This lesson is being piloted (Beta version)

Advanced topic: Fitting (optional)

Overview

Teaching: 0 min
Exercises: 0 min
Questions
  • How can I fit a common function to a histogram?

Objectives
  • Fit a distribution to the Z peak.

I want to zoom in on the Z resonance:

plt.hist(dimuon_p4.mass, bins=40, range=(70, 110))
plt.xlabel('Dimuon invariant mass [GeV]')
plt.ylabel('Number of dimuon events / 1 MeV')
plt.show()

dimuon_invariant_mass_fit_1

Resonances are described by the relativistic Breit-Wigner distribution. We should be able to fit one to this peak:

from scipy.optimize import curve_fit

def relativistic_breit_wigner(x, resonance_mass, width, normalization):
    gamma = np.sqrt(resonance_mass ** 2 * (resonance_mass ** 2 + width ** 2))
    k = 2.0 * np.sqrt(2) * resonance_mass * width * gamma / (np.pi * np.sqrt(resonance_mass ** 2 + gamma))
    return normalization * k / ((x ** 2 - resonance_mass ** 2) ** 2 + resonance_mass ** 2 * width ** 2)
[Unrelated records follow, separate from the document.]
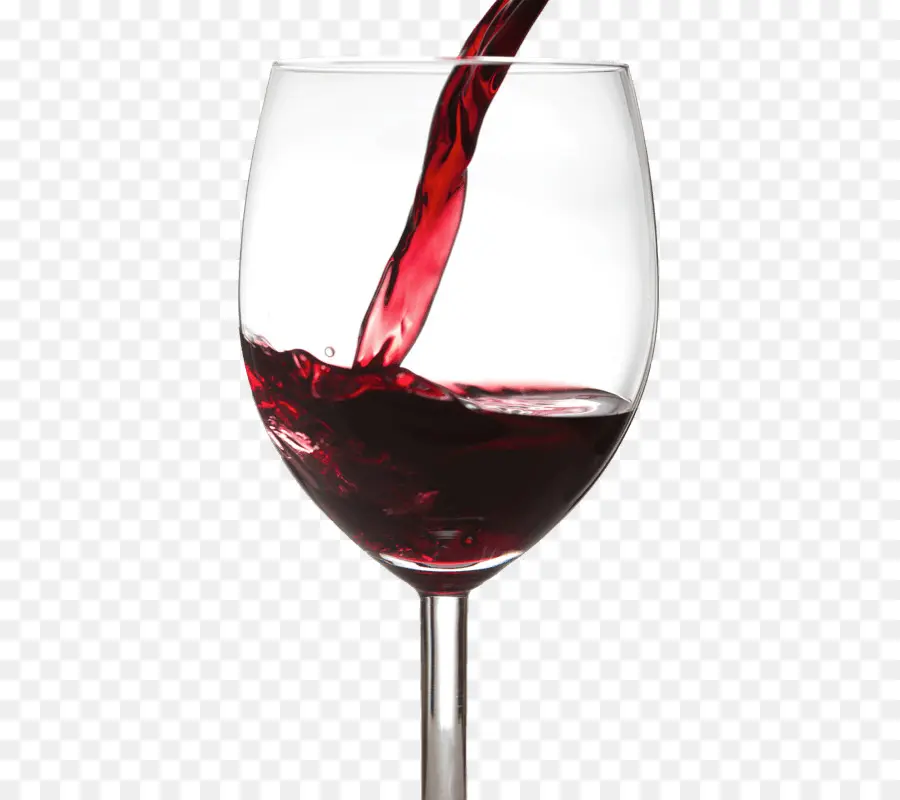 Vin Rouge，Verre PNG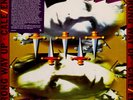 Brian Eno & John Cale - Wrong Way Up (Vinyl LP - 2020 - UK - Original)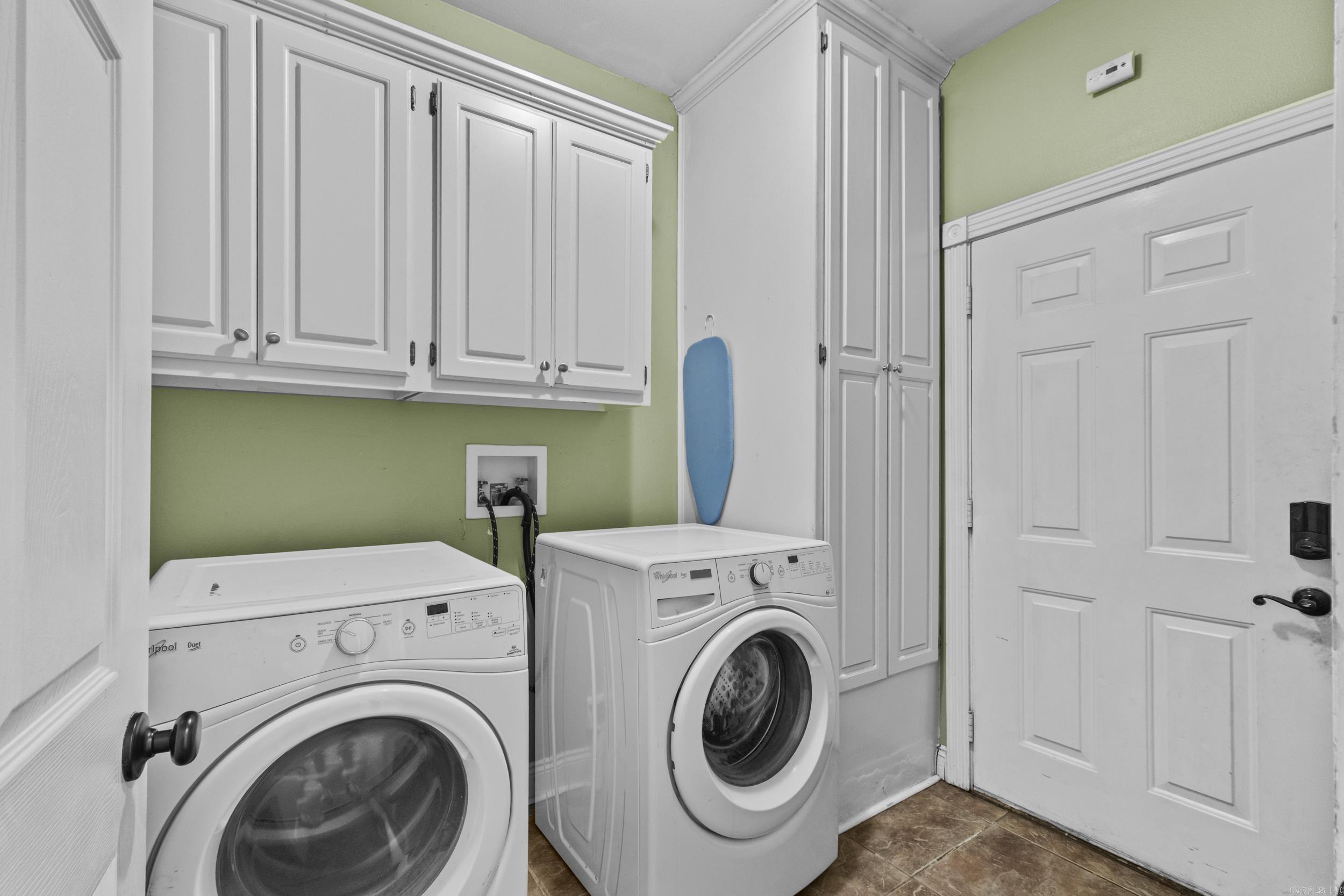 West Oaks Phase I - Residential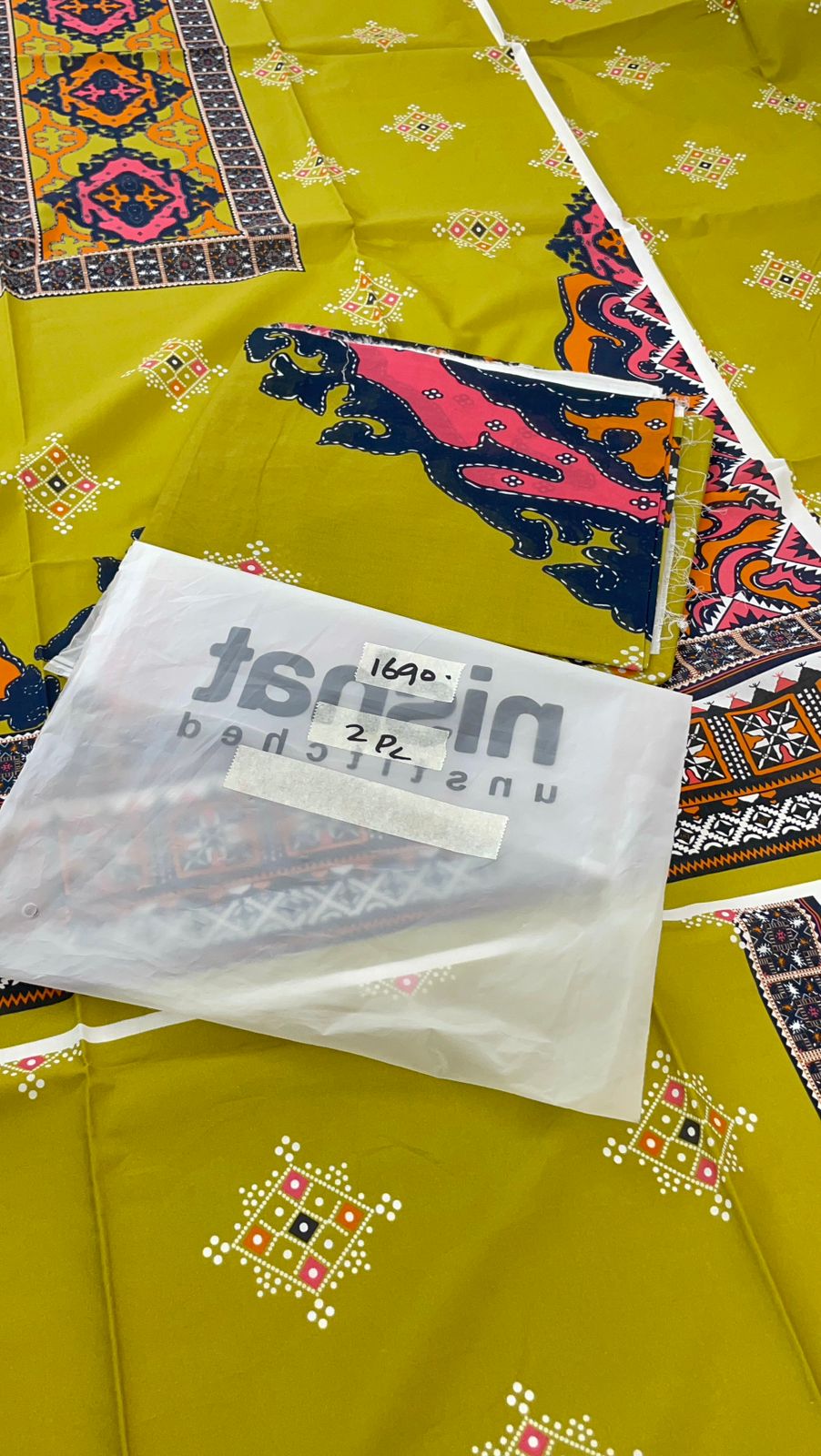 RESTOCK ALERT 2PC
bin_contents, bin_edges = np.histogram(dimuon_p4.mass.to_numpy(), bins=20, range=(80, 100))
bin_centers = (bin_edges[:-1] + bin_edges[1:]) / 2.0
popt, pcov = curve_fit(relativistic_breit_wigner, bin_centers, bin_contents, p0=[90, 10, 1000], sigma=np.sqrt(bin_contents))
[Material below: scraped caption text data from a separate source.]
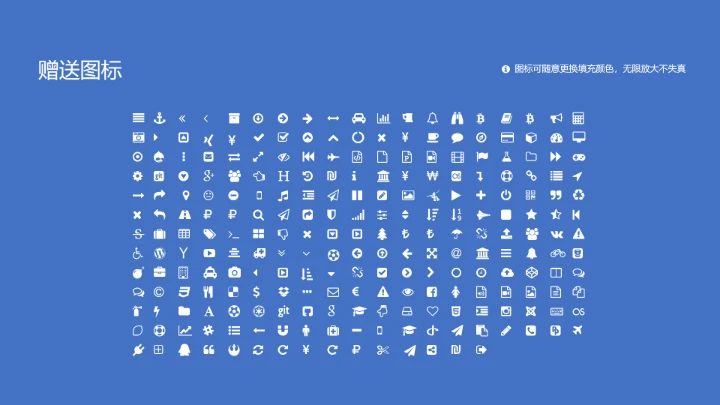 福建商学院课题学术汇报毕业论文答辩通用PPT模板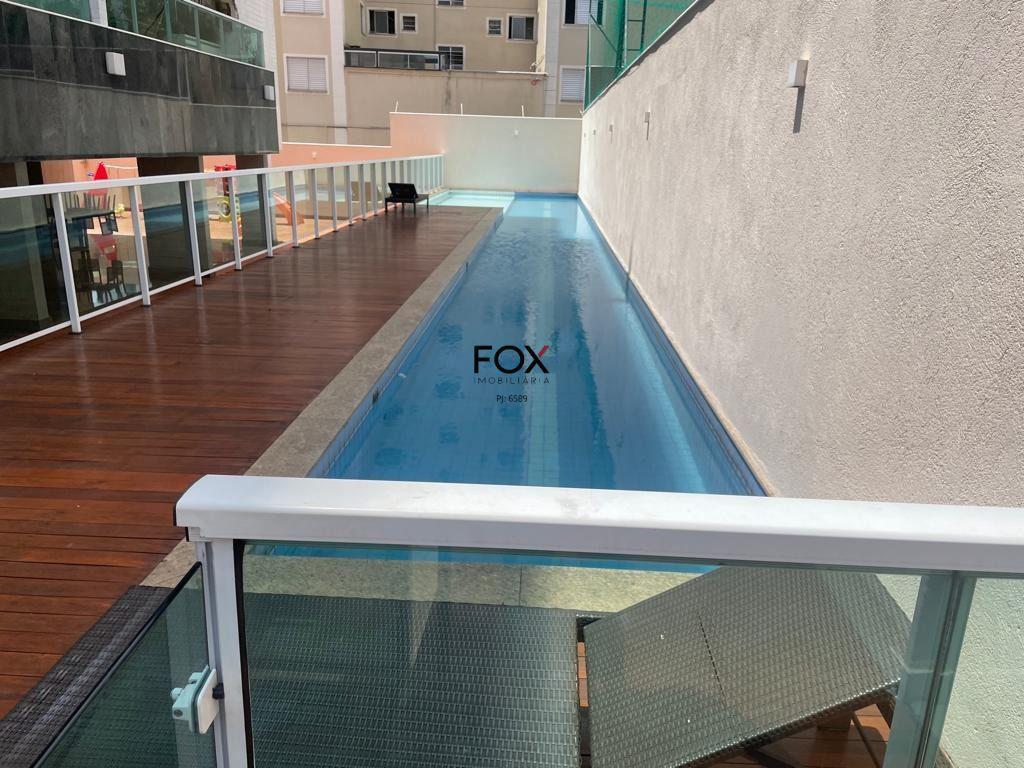 Apartamento, Buritis, 4 Quartos, 3 Vagas, 1 Suíte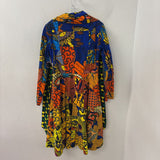 WOMEN'S COAT multi S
plt.hist(dimuon_p4.mass, bins=40, range=(70, 110), label='Data')
x = np.linspace(80, 100, 200)
y = relativistic_breit_wigner(x, *popt)
plt.plot(x, y, label='Fit')
plt.xlabel('Dimuon invariant mass [GeV]')
plt.ylabel('Number of dimuon events / 1 MeV')
plt.legend()
plt.show()

dimuon_invariant_mass_fit_2

.to_numpy()

You may have noticed the .to_numpy() used on the mass Array above. As of Awkward Array 1.4.0, this is necessary for np.histogram() to work, but this should be fixed in the next version.

The peak position is stored in popt[0]:

popt[0]
90.77360288470875

Pretty close to the real mass, 91.1876 GeV.

Key Points

  • There are many packages for fitting, and this just one very simple example.